The thoroughbred racing season reached a grand finale at Churchill Downs where the Breeders' Cup Classic featured one of the most exciting fields in history.
The favorite, Skip Away, had won its first nine races of the year but came up short in its bid to surpass Cigar as horse racing's all-time money winner by finishing a disappointing sixth.
Silver Charm, the illustrious veteran, mustered a second-place finish and British-based Swain came in third. Victory Gallop, the Belmont winner, finished a close fourth.

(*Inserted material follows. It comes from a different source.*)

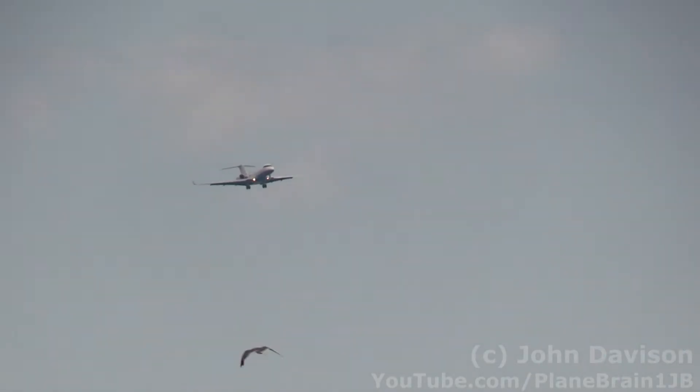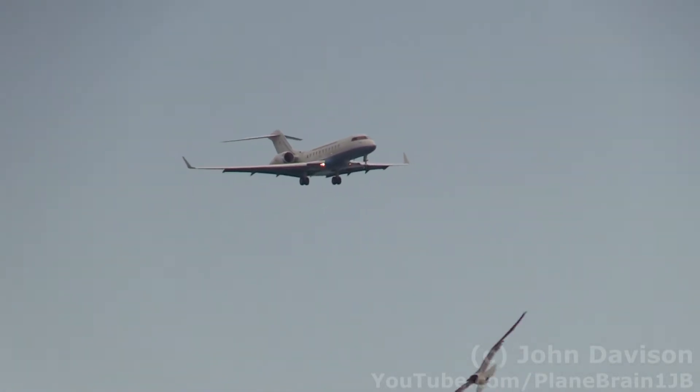Now coming down the beach is one of the FAA flight program aircraft, the Global 5000 business jet, tail number November 4-7, which is being flown today by FAA pilots John Geyser and Jim Mars. N-47 is traveling at about 175 miles an hour with its wheels and flaps down.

The upset winner, however, of the $5.12 millions Classic was surprising 4-year-old Awesome Again which won all six races it started in 1998. Trainer Patrick Byrne regrets not starting Awesome Again in more races, but still believes his horse deserves the Horse of the Year title for beating the world's best at the Classic. Byrne retired Awesome Again to stud in November.

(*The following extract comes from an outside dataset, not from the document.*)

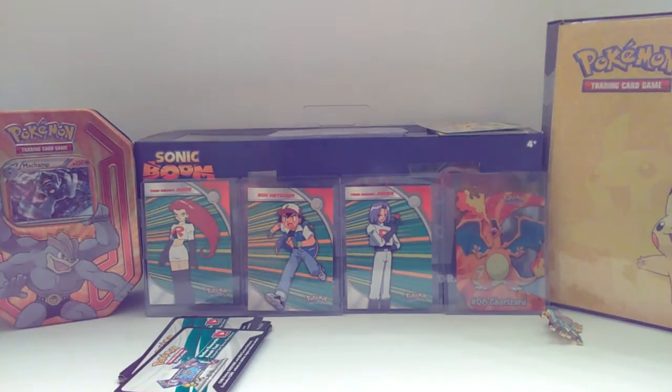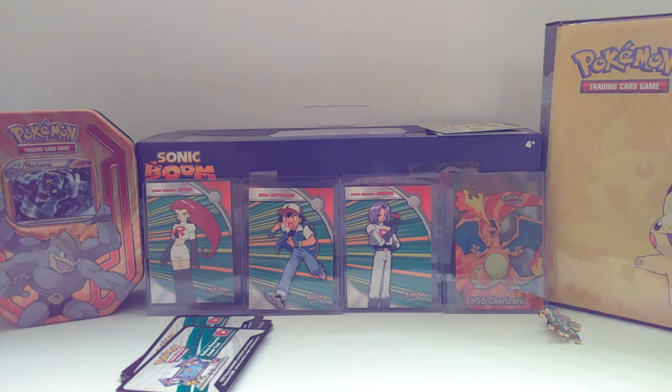So if you guys would like a chance to win this awesome code card giveaway, then go ahead and hit that subscribe button, like, and then comment what kind of booster box you would like to see me open, because I am going to buy one, so I need to know what you guys would think, and I'm going to buy some of the things that you guys suggested.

The record crowd on hand at the Classic expected Skip Away become the first horse to break the $10 million mark in career earnings. Instead Skip Away finishes with $9,999,185, second only to Cigar.
Real Quiet came real close to capturing the sports first Triple Crown since affirmed in 1978. Real Quiet, ridden by Kent Desormeaux, became the 14th horse in history to win the Kentucky Derby and Preakness Stakes only be nosed out at the Belmont Stakes. Derby and Preakness runner-up Victory Gallop and jockey Gary Stevens spoiled Real Quiet's chance at history in 1998.
Meanwhile, the National Thoroughbred Racing Association hired Tim Smith to be the organization's first commissioner in April and went on an all-out blitz to get younger fans interested in horse racing.
Harness racing crowds also saw strong Triple Crown runs. But by winning the Kentucky Futurity, Trade Balance spoiled Shady Character's bid to become the ninth pacer to win the Triple Crown. While Fit For Life's victory in the Messenger Pace spoiled Muscles Yankee's bid to become the first Trotting Triple Crown winner since Super Bowl in 1972.